With Halloween – or Samhain, as we Celts apparently call it – approaching, Edinburgh city centre is still heaving with tourists. They’re not wrong to come at this time of year: I actually love Edinburgh on winter evenings. The jagged shapes of this high-heapit toon look incredible in the dark, and there’s often some strangely garbed person looming out of the Scotch mist.
But the pavements still seem as congested as they were in July. I sometimes borrow the language of the road and mutter “beep beep” as I try to squeeze past the dawdling hordes. The other day a young woman with a blonde ponytail – I’m guessing a newly arrived student princess – cannoned straight into me as she jogged assertively down North Bridge.
It’s not just the pavements. The roads are gridlocked too, and when an Uber driver attempts an illegal manoeuvre, the whole city echoes with judgmental horns. Apparently, Edinburgh is now the most congested city in the UK, and drivers spend 40% of their time in jams.
Recently, after a day working in the National Library, I went to an evening meeting at the City Chambers to hear a presentation about plans to reopen the city’s suburban railway line. And what a great idea it is – a huge lever for the city to pull.

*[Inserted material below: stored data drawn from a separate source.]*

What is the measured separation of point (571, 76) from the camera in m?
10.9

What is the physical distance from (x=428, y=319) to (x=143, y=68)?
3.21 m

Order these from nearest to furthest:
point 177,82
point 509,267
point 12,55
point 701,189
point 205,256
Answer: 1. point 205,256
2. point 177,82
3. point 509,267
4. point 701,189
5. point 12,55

Edinburgh has a ghost line that circles the town. It currently carries about four freight trains a night, and that’s it.
It was closed to passengers in the 1960s – the era when fossil fuel companies lobbied, persuaded and bribed city councillors everywhere to mothball their suburban trains and rip out their trams.
In the long term that has been a disaster for Edinburgh as for other cities – like Glasgow. The exceptional tram system Glasgow once had, closed in 1962. It was one of the largest in Europe, with a thousand trams covering a hundred route miles: emission-free, affordable public transport reaching every part of the city. Many tram drivers were women – they lost their jobs as they were barred from driving the replacement buses, which were said to require greater physical strength. Glasgow, though, did better at protecting its suburban rail lines.

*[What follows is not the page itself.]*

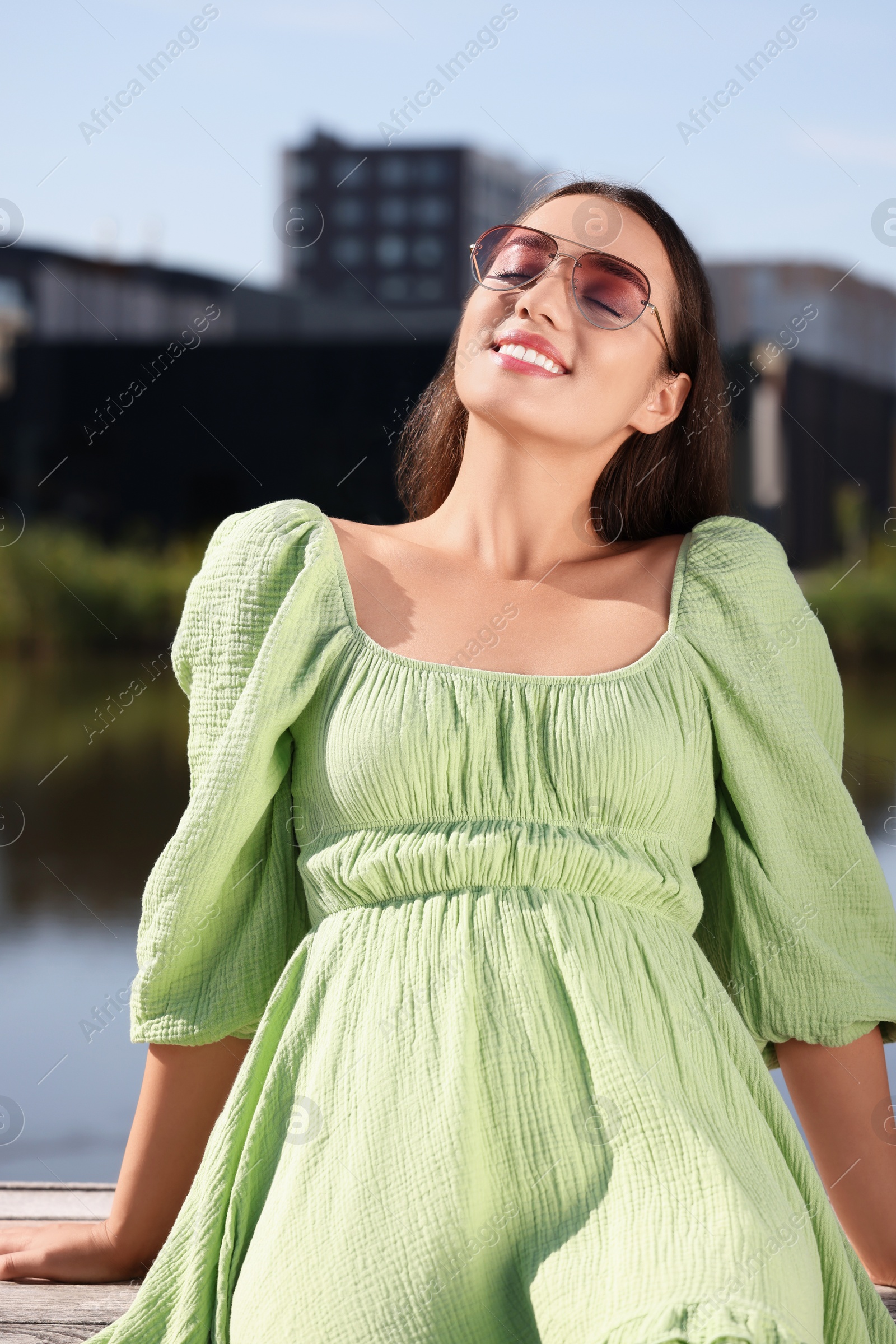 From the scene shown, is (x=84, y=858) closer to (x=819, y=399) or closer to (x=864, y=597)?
(x=819, y=399)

Meanwhile, back in Edinburgh, the car era has meant that some of the most awkward journeys in the city – say, from the centre to Portobello or Morningside – are probably slower than when we had horse-drawn coaches.
And the noisy, fume-laden vehicles that now clog our streets don’t leave enough room for pedestrians. Oxford – another tourist-heavy city – has removed private cars from its centre, giving space back to pedestrians and cyclists. Edinburgh needs that kind of breathing room.

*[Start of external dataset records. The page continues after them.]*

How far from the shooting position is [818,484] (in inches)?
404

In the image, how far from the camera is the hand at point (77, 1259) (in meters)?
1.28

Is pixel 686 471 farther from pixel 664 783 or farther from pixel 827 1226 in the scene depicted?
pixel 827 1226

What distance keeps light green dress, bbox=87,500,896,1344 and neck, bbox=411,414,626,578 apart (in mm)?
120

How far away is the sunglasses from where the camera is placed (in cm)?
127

The circular line is still there waiting, and it’s still in use as a railway. People have been lobbying on and off for decades to reopen it. The sticking point has always been capacity: the line between Haymarket and Waverley is almost completely full, and any spare slots are needed for the London service.
The game-changing idea is to use tram-trains. As engineer Corey Boyle explained to us at the meeting, “it walks like a tram and it talks like a tram, but it’s actually a train.”
These vehicles, which are being used in Germany. have dual wheels – they can run on standard railway tracks and then transfer seamlessly onto street-level tram lines, avoiding the bottleneck at Waverley and Haymarket altogether.
Boyle, part of a team of Heriot-Watt University engineers, carried out a detailed feasibility study that’s now being championed by a new group called Tram Trains for Edinburgh (TTfE). Their plan would see a 12.3 km route from Murrayfield to Portobello, with stops at Craiglockhart, Morningside, Newington, Cameron Toll, Craigmillar, Fort Kinnaird and Brunstane – all for a fraction of the per-mile cost of Edinburgh’s new tram lines.
The beauty of it is that it would use existing infrastructure – tracks that already run through some of the city’s most under-served areas – and finally give the south side the kind of public transport it’s been promised for decades. There’s even potential for a Cameron Toll interchange, allowing future connections south to Dalkeith and Midlothian.
Some argue that money should go into more buses instead, but it wouldn’t cost much less. And buses add to the gridlock as they queue at stops. Travel times are slowing every year – by as much as 10% on some routes. The new electric buses are good for emissions, but they struggle with Edinburgh’s hills.
I was on board an electric bus this summer as it failed to summit Dundas Street. The driver kept trying to restart, but the bus rolled backwards a foot or so each time. Eventually she opened the doors in the middle of the road and a number of passengers – myself included – piled out to lighten the load, and she was finally able to get over the top. Not exactly a vote of confidence in the electric future.
It’s not often a city like Edinburgh gets the chance to do something visionary that’s also great value for money. This is one of those rare cases where practicality and imagination align – a chance to reuse and recycle an existing asset that was mothballed by the fossil fools of the late 20th century.
If it works, it could take thousands of cars off the roads, make Morningside and Portobello commutable without stress, and let us enjoy our dark, misty evenings without the soundtrack of horns and idling engines.